Warum das wichtig ist

Der Schritt von Bumble spiegelt einen umfassenderen Wandel bei Dating-Apps wider, da Unternehmen Schwierigkeiten haben, Benutzer der Generation Z zu halten, die das Wischen satt haben. Das Unternehmen experimentiert damit, die Wischfunktion in einigen Märkten vollständig zu entfernen und sie durch „kapitelbasierte“ Profile zu ersetzen, die ein tieferes Engagement fördern.

„Wir werden dynamischere Möglichkeiten einführen, damit jemand Interesse an Ihrer Geschichte zum Ausdruck bringen kann, und nicht nur an Ihrem Profil“, sagte Whitney Wolfe Herd, CEO von Bumble.

Dabei geht es nicht nur um KI, um der Sache willen. Es geht darum, aussagekräftigere Daten von Benutzern zu extrahieren, die Bumble dann nutzen kann, um seine Matching-Algorithmen zu verfeinern und letztendlich das Wachstum voranzutreiben. Das Unternehmen bereitet sich seit Jahren auf diese Änderung vor und überarbeitet seine Back-End-Infrastruktur, um die KI-Integration zu ermöglichen.

Bumbles Geschichte und neue Richtung

Bumble zeichnete sich zuvor durch Funktionen wie „Frauen-Nachrichten zuerst“, Verbote von Körperbeschämung und unscharfe, explizite Bilder aus. Jetzt setzt das Unternehmen verstärkt auf KI, um dem sinkenden Engagement entgegenzuwirken.

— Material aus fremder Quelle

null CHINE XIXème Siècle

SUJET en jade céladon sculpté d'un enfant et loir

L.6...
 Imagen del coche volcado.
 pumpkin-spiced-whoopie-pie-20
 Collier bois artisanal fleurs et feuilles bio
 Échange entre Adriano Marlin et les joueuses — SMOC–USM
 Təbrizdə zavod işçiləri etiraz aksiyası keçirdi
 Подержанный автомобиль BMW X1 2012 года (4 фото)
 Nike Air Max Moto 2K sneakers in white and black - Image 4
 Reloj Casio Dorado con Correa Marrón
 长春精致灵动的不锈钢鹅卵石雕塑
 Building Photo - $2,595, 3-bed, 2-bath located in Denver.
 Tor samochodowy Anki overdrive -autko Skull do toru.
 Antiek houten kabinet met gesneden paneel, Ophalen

Sie erkunden auch Funktionen, die der Vorliebe der Generation Z für geselliges Beisammensein in der Gruppe statt für Einzeldates gerecht werden.

Bumbles Einsatz von KI zur Förderung von Engagement und Wachstum ist ein Wagnis, aber das Unternehmen ist davon überzeugt, dass tiefergehende Daten und dynamischere Interaktionen der Schlüssel zur Wiederbelebung seiner Plattform sind. Das Experiment mit dem Wischen könnte sogar beweisen, dass traditionelle Methoden in der modernen Dating-Landschaft veraltet sind.

Fazit: Bumble setzt stark auf KI, um sein Problem der Benutzereinbindung zu lösen. Der Erfolg von „Bee“ wird darüber entscheiden, ob Bumble weiterhin relevant bleiben kann, während sich die Generation Z von traditionellen Swipe-basierten Dating-Apps entfernt.